> _The task_
From the entries below, work out the number of lines that hold the word "Tartan", and give that number alone.

> _Source material_
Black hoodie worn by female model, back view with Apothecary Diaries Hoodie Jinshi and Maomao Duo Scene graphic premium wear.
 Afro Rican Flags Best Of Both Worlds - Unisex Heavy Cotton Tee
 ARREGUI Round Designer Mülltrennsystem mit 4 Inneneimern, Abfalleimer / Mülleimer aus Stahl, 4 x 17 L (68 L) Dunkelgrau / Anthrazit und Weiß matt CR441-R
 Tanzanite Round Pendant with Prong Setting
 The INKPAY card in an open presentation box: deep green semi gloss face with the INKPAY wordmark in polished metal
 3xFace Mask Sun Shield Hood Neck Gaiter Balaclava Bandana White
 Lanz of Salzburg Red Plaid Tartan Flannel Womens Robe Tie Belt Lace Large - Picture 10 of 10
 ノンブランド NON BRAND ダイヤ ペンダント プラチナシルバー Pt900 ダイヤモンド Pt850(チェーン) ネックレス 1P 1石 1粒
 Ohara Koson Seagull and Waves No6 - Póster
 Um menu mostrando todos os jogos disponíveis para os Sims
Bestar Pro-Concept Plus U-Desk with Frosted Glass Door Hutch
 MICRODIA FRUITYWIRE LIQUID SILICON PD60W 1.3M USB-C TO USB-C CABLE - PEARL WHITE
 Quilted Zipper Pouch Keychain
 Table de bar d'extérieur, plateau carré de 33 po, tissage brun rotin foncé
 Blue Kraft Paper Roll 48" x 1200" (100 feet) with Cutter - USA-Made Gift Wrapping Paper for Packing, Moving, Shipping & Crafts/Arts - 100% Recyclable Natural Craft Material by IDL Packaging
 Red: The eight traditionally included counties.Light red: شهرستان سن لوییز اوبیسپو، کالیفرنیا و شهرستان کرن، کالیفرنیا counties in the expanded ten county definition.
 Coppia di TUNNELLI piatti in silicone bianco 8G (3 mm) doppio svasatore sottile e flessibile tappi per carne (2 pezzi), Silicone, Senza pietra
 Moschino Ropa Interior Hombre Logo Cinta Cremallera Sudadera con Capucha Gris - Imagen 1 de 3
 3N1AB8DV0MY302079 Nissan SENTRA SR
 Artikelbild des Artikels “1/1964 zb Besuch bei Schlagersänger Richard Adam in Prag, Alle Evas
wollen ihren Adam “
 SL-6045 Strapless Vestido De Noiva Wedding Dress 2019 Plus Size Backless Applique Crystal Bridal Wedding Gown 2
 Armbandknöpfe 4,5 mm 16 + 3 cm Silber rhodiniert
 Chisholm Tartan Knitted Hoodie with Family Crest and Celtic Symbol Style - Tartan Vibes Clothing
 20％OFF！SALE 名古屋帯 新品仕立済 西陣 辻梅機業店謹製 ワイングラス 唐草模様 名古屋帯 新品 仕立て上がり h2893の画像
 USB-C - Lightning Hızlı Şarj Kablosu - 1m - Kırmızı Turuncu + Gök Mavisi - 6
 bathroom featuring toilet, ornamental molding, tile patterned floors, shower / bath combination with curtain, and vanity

> _Written solution_
2